「クイズでわかる!資産形成」(毎週土曜日に掲載)の第33回をお届けします。資産形成をきちんと学びたい方に、ぜひお読みいただきたい内容です。
今日のクイズ:分配金がある投信とない投信、長期投資に向くのはどっち?
今日は、投資信託を使って長期資産形成をする際、分配金が多いファンドと少ないファンドのどちらが良いか、判断するクイズです。
以下、投信Aと投信B、特定口座で投資するとして、長期の資産形成に向くのは、どっちでしょう? どちらも、「分配金再投資型」を選択して投資するものとします。
【投信A】年率5%程度のリターン(基準価額の上昇)を期待。分配金はなしが原則(出すとしても、少額)。
【投信B】期待リターンもリスクも投信Aとほぼ同じ。年率5%程度のリターンを期待。運用で上がったリターンは、全て分配金として投資家に払い出す方針。期待通りに5%のリターンがあれば、分配金利回りも5%となる見込み。
分配金再投資型とは
クイズの中に出てきた専門用語が分からないと、解けませんね。まず、専門用語を解説します。それでは「分配金再投資型」の意味を説明します。
投資信託を購入する際、「分配金を受け取るか、再投資するか」選ぶ必要があります。
分配金コースで、以下の通り、「受取型」を選ぶと、分配金は全てキャッシュで受け取ることになります。
分配金をキャッシュで受け取ってしまうと、その分、投資信託への投資が少なくなります。

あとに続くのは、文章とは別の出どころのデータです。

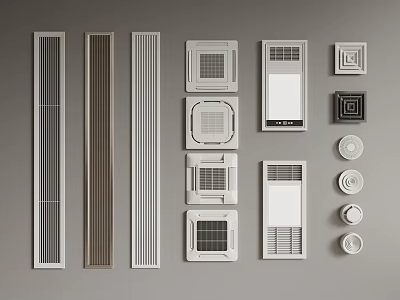 Various Designs and Styles of Air Conditioner Vents with Different Grille Types 3d model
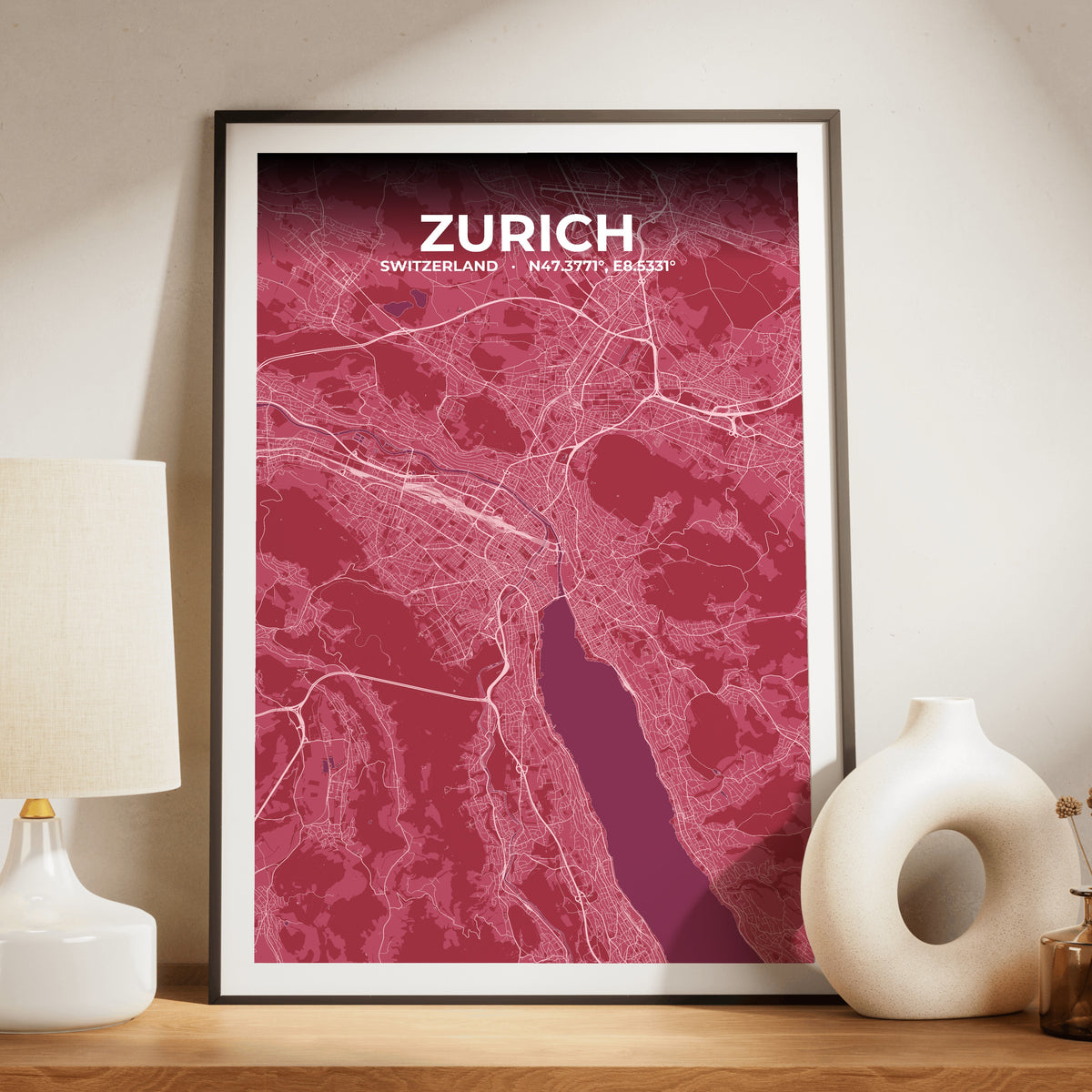Zurich Scarlet Map Poster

分配金をたくさん出す投信Bで、「受取型」を選ぶと、長期投資に回る投資額が少なくなる分、不利です。
そこで、このクイズでは、投信Aも投信Bも、以下の通り、「再投資型」を選ぶものとしています。
再投資型を選ぶと、分配金は受け取らずに、そのまま、元の投信に再投資されることになります。再投資に手数料がかかることはありません。投信Bは分配金を多く出す方針ですが、分配金は投信Bに再投資されます。
投信Aは基準価額上昇、投信Bは設定時の1万円前後にとどまる
投信AもBも、期待リターンは年率5%ですが、実際には5%よりもっと大きく上昇する年もあれば、逆に値下がりする年もあります。株などに投資しているので、急落・急騰を繰り返しながら、年率5%程度で上昇していくことが期待されています。
分配金を出さない投信Aは、年率5%程度で基準価額が上昇していくと期待されています。毎年同じリターンが続くわけではありませんが、仮に、毎年5%のリターンが続くとすると、基準価額は、1万円→1万500円→1万1,025円→1万1,576円と上昇していくことになります。
一方、投信Bは、毎年、値上がり分を分配金として出し続けるので、毎年5%のリターンが続いたとしても、基準価額は、1万円→1万円→1万円→1万円と、1万円のままです。分配金を再投資しているので、保有する口数が増加していきますが基準価額は1万円のままです。